2015-06-05 Thread gwenhwyfaer
Well, bandlimited to a bandwidth  fs/2 (but the distinction isn't
useful for audio), and given perfect reconstruction circuitry. But as
far as I can gather, Theo's concern is what happens when, as is
inevitable in practice, the reconstruction circuitry is imperfect?
And that is an interesting question, academically speaking, if there
really isn't a body of theory to cover reconstructive imperfection -
if only to be certain that all the improvements made to DAC technology
in the last three decades have actually been _improvements_.

But I think all of this is probably covered by existing research
anyway. Minimising phase disruption in digital filters is well
understood; LSB errors and resistor chain nonlinearities are fairly
obvious, sources of relatively predictable badness, and can be
assessed in the same way as nonlinearity in general; clock jitter is
easy to simulate... and then there are analogue reconstruction
filters. Unless I've missed any, I don't think there's anything else
to look at, unless he wants to disprove or augment Nyquist-Shannon.
Which would be an achievement, true, but... I would humbly submit that
there might be more fruitful avenues towards seeing Verelst theorem
in the indices of 22nd-century audio textbooks.

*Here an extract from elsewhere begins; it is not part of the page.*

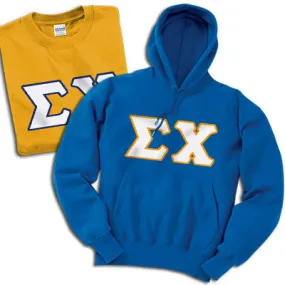 Sigma Chi Hoodie and T-Shirt, Package Deal - TWILL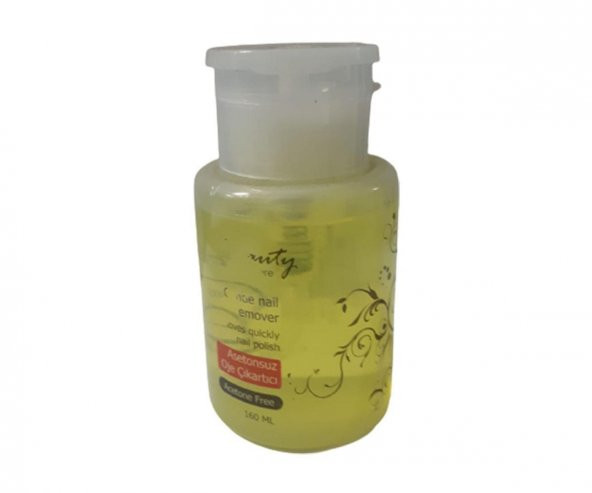 N.Y Beauty Asetonsuz Oje Çıkarıcı 160 Ml Sarı - 2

Still, I understand great white whales all too well; and if Theo
_needs_ to harpoon this one, we should perhaps not stand in his way.


On 05/06/2015, Stefan Stenzel stefan.sten...@waldorfmusic.de wrote:
 Theo,

 Any continuous function bandlimited to frequencies  fs/2 is completely
 determined by its samples.
 That’s the essence of the sampling theorem, which answers all your
 questions.

 Stefan


 On 03 Jun 2015, at 22:47 , Theo Verelst theo...@theover.org wrote:

 Hi,

 Playing with analog and digital processing, I came to the conclusion I'd
 like to contemplate about certain digital signal processing
 considerations, I'm sure have been in the minds of pioneering people quite
 a while ago, concerning let's say how accurate theoretically and
 practically all kinds of basic DSP subjects really are.

 For instance, I care about what happens with a perfect sine wave getting
 either digitized or mathematically and with an accurate computer program
 put into a sequence of signal samples. When a close to perfect sample
 (in the sense of a list of signal samples) gets played over a Digital to
 Analog Converter, how perfect is the analog signal getting out of there?
 And if it isn't all perfect, where are the errors?

 As a very crude thinking example, suppose a square wave oscillator like in
 a synthesizer or an electronic circuit test generator is creating a near
 perfect square wave, and it is also digitized or an attempt is made in
 software to somehow turn the two voltages of the square wave into samples.

 Maybe a more reasonable idea is to take into account what a DAC will do
 with the signal represented in the samples that are taken as music,
 speech, a musical instrument's tones, or sound effects. For instance, what
 does the digital reconstruction window and the build in oversampling
 make of a exponential curve (like the part of an envelope could easily be)
 with it's given (usually FIR) filter length.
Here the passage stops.